In [1]:
import numpy as np
import pandas as pd
from sklearn.gaussian_process.kernels import Matern, RBF
from sklearn.linear_model import Lasso
from sklearn.ensemble import RandomForestRegressor, BaggingRegressor

import plotly.express as px
import plotly.graph_objects as go
from plotly.subplots import make_subplots

from doc.mse_estimator import ErrorComparer
from doc.data_generation import gen_rbf_X, gen_matern_X, create_clus_split, gen_cov_mat
from spe.tree import Tree
from spe.relaxed_lasso import RelaxedLasso
from spe.forest import ParametricBaggingRegressor
from spe.estimators import better_test_est_split, cp_bagged_train_test, simple_train_test_split

In [2]:
np.random.seed(1)

In [3]:
## number of realizations to run
niter = 100

## data generation parameters
n=10**2
p=5
s=5
delta = 0.75
snr = 0.4
tr_frac = .5

noise_kernel = 'matern'
noise_length_scale = 1.
noise_nu = .5

X_kernel = 'matern'
X_length_scale = 5.
X_nu = 2.5

## ErrorComparer parameters
k = 5
max_depth = 3
models = [RelaxedLasso(lambd=.05), Tree(max_depth=max_depth, max_features='sqrt')]
# model_names = ["RelaxedLasso lambda=.05", f"Bagged Depth {max_depth} Decision Trees"]
model_names = ["Relaxed Lasso", "Random Forest"]
ests = [
    better_test_est_split,
    # better_test_est_split,
    cp_bagged_train_test,
    # cp_bagged_train_test2,
    simple_train_test_split, 
]
est_kwargs = [
    {'alpha': None,
    'full_refit': False,
    'bagg': True},
    # {'alpha': 1.,
    # 'full_refit': False,
    # 'bagg': False},
    {'use_trace_corr': False, 
    'full_refit': False},
    # {'use_trace_corr': False, 
    # 'full_refit': False},
    {},
    # {'k': k},
    # {'k': k}
]

## plot parameters
title = "Simulated Model Comparisons"
est_names = ["GenCp", "TrTs"]

## output/save parameters
idx = -1

savedir='~'

In [4]:
# if not os.path.exists(os.path.expanduser(savedir)):
#     os.makedirs(os.path.expanduser(savedir))
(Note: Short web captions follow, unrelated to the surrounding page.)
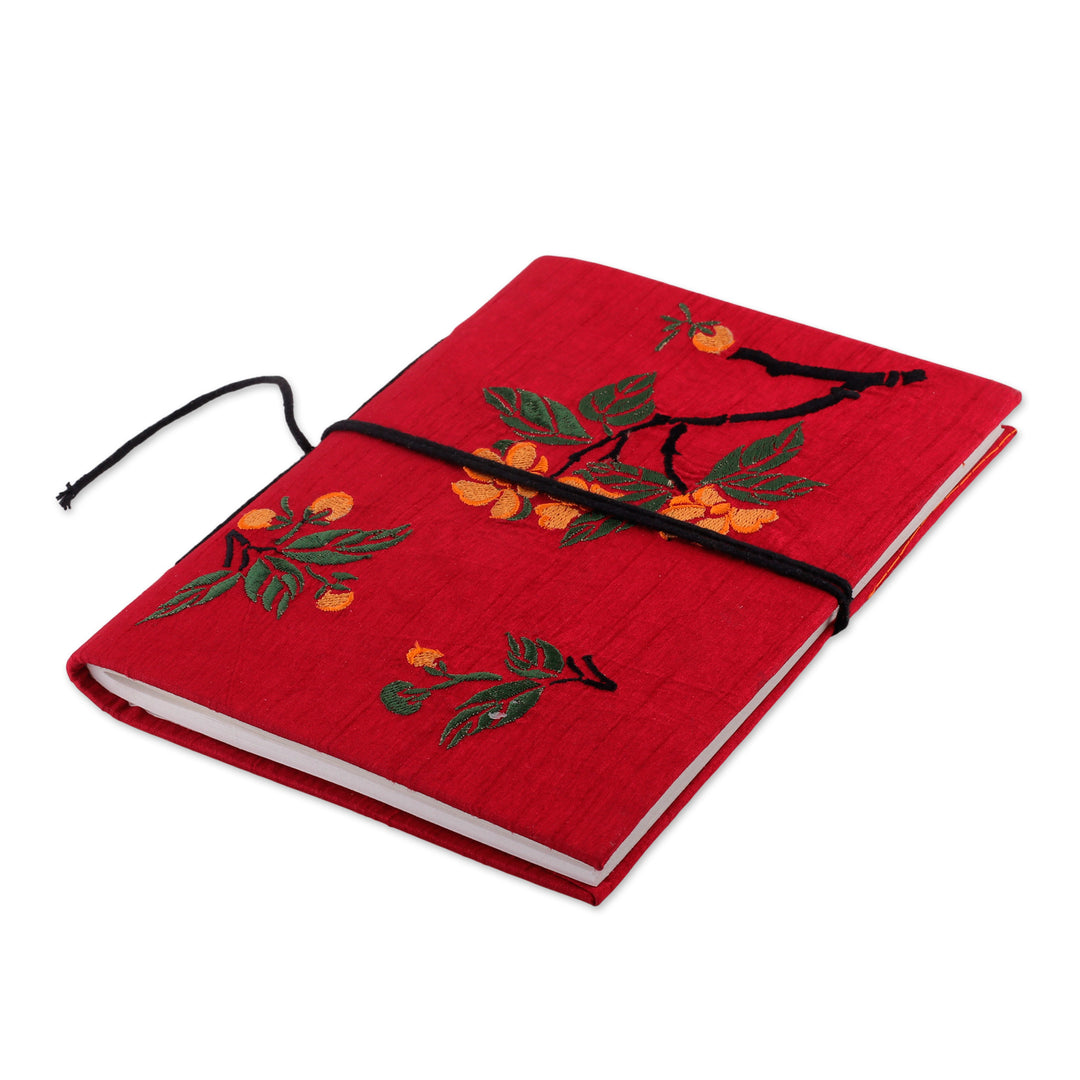 Indian Handmade Floral Rayon-Embroidered Journal in Red Hues - Romantic Sonata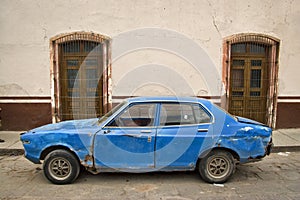 Old Blue Car Villanueva Zacatecas Mexico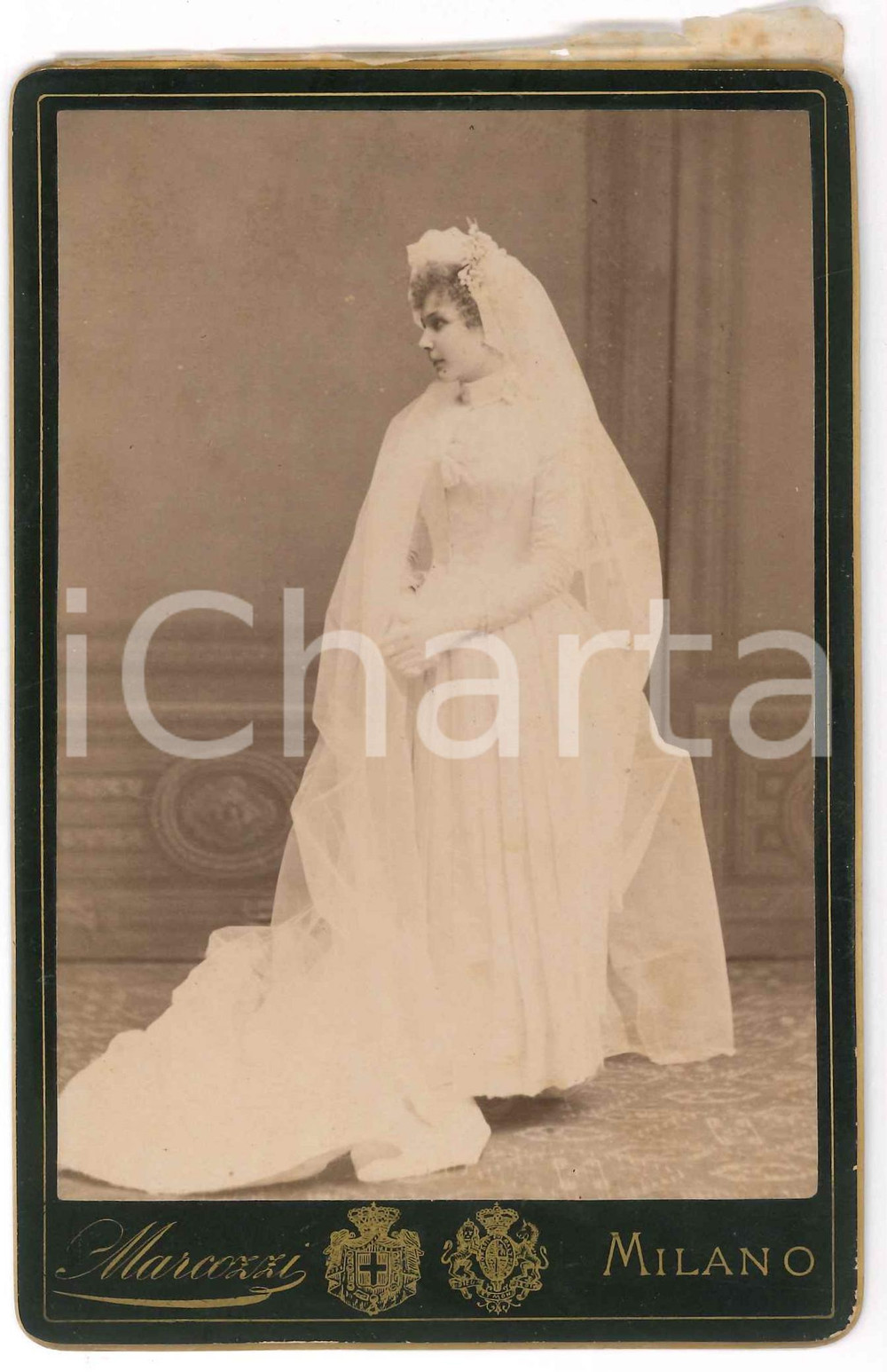 Fotografia d epoca originale 1890 ca MILANO Elisa BRONZETTI in abito da sposa Foto MARCOZZI 11x16 1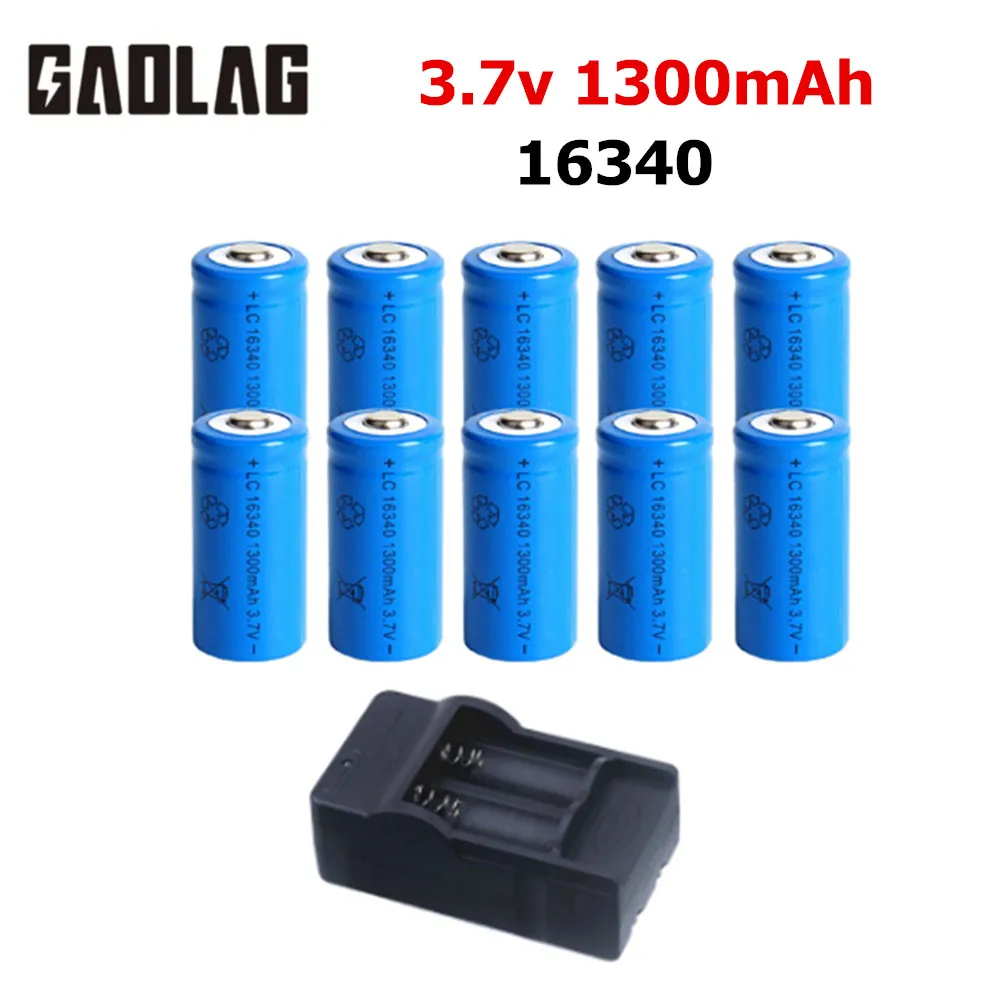 

1300mAh 3.7V Li-ion Rechargeable 16340 Batteries CR123A Battery For LED Flashlight Travel Wall Charger For 16340 CR123A Battery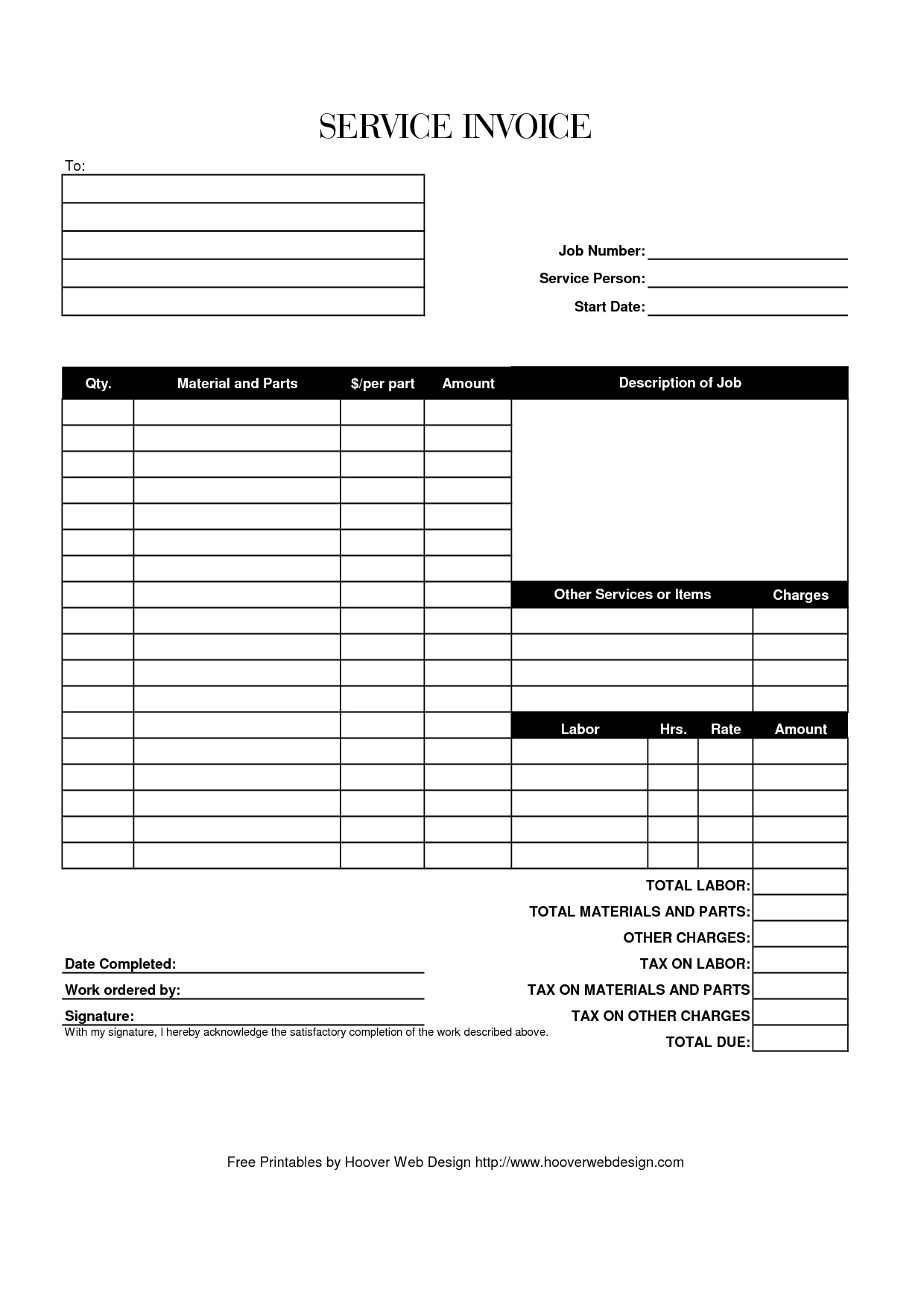 Free Printable Service Invoice | Shop Fresh - Free Printable Out Of Service Sign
# params = pd.DataFrame({'niter': niter,
#                        'n': n, 
#                        'p': p, 
#                        's': s,
#                        'snr': snr,
#                        'n_estimators': n_estimators,
#                        'max_depth': max_depth,
#                        'delta': delta,
#                        'nk': noise_kernel, 
#                        'nls': noise_length_scale, 
#                        'nn': noise_nu, 
#                        'xk': X_kernel,
#                        'xls': X_length_scale,
#                        'xn': X_nu}, index=[idx])
# params.to_csv(os.path.expanduser(savedir + 'params.csv'))
# dffp = os.path.expanduser(savedir + "err_df.csv")
# barfp = os.path.expanduser(savedir + 'barchart.jpeg')

In [5]:
err_cmp = ErrorComparer()

In [6]:
nx = ny = int(np.sqrt(n))
xs = np.linspace(0, 10, nx)
ys = np.linspace(0, 10, ny)
c_x, c_y = np.meshgrid(xs, ys)
c_x = c_x.flatten()
c_y = c_y.flatten()
coord = np.stack([c_x, c_y]).T

In [7]:
if noise_kernel == 'rbf':
    Sigma_t = gen_cov_mat(c_x, c_y, RBF(length_scale=noise_length_scale))
elif noise_kernel == 'matern':
    Sigma_t = gen_cov_mat(c_x, c_y, Matern(length_scale=noise_length_scale, nu=noise_nu))
else:
    Sigma_t = np.eye(n)

Cov_st = delta*Sigma_t
Sigma_t = delta*Sigma_t + (1-delta)*np.eye(n)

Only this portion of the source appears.